At 2.5 to 3m long they are certainly big enough for those “heroic” photographs but are not intimidating. Faces are characterised by that “moustache”, the photogenic tail accounts for a quarter of their body-length, and their disposition is peaceful, phlegmatic even, although any diver showing excessive familiarity is likely to be vigorously repelled.
Many Indian Ocean dive-centres offer nurse-shark night-dives. That’s because these predators rest during the daylight hours, stretched out at the bottom of gullies or under a reef canopy, sometimes in quite large groups.

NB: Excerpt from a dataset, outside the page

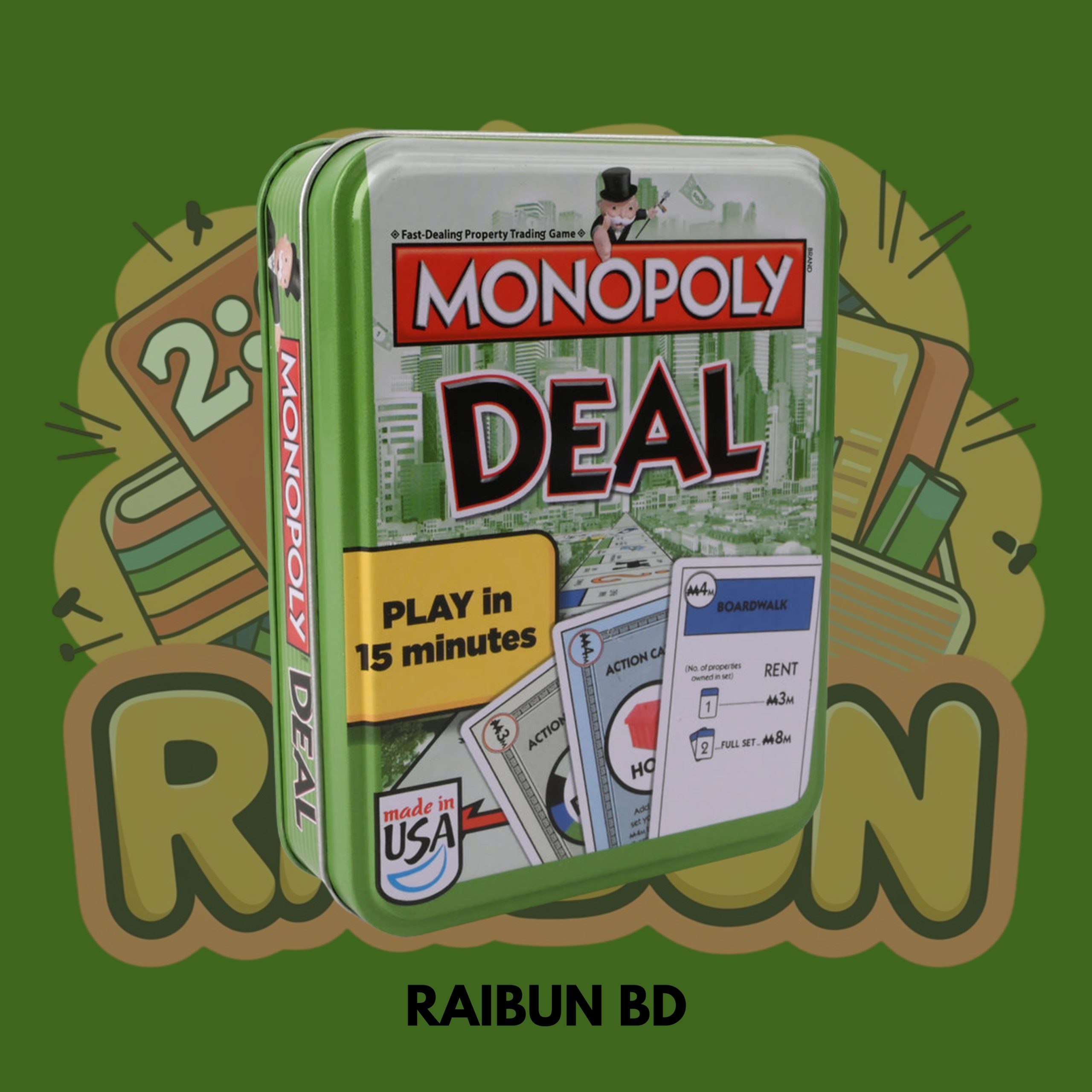 Monopoly Deal Card Game in Collectible Storage Tin | Ages 8+ | 2-5 Players | 15 Mins. | Fun Family Games for Kids, Teens, and Adults |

They hunt nocturnally, feeding on reef fish, crustaceans, cephalopods and even sea urchins. If they can’t get their heads into the reef cavities in which their prey lurks, it doesn’t matter – using a strong sucking action they can draw it into their mouth on a stream of water.
This produces a characteristic smacking sound – a sort of goodnight kiss from the nurse.
Appeared in DIVER November 2018
IF YOU’RE LUCKY, as I was that night, you might get to see the mating dance that is this sharks’ means of reproduction.
Fertilisation, as in mammals, is internal, so the male tries to sink his teeth into the female’s pectoral fin and, when he succeeds, to turn her on her back so that he can introduce into her cloaca his pterygopodia – tubular protuberances on the anal fins.
This process can take a while, and results in the extended, writhing dance that I witnessed.
Pregnancy lasts about six months. The embryos get their nourishment from undeveloped eggs in the uterus and it seems to be a matter of survival of the fittest, with the result that litters rarely number more than four baby sharks, the biggest some 80cm long.
Sadly, these sharks are a target for both sports and industrial fishers. And the destruction by man of their natural habitat and the reduction of their food base has forced the IUCN to assign this charming shark the status of Vulnerable Species.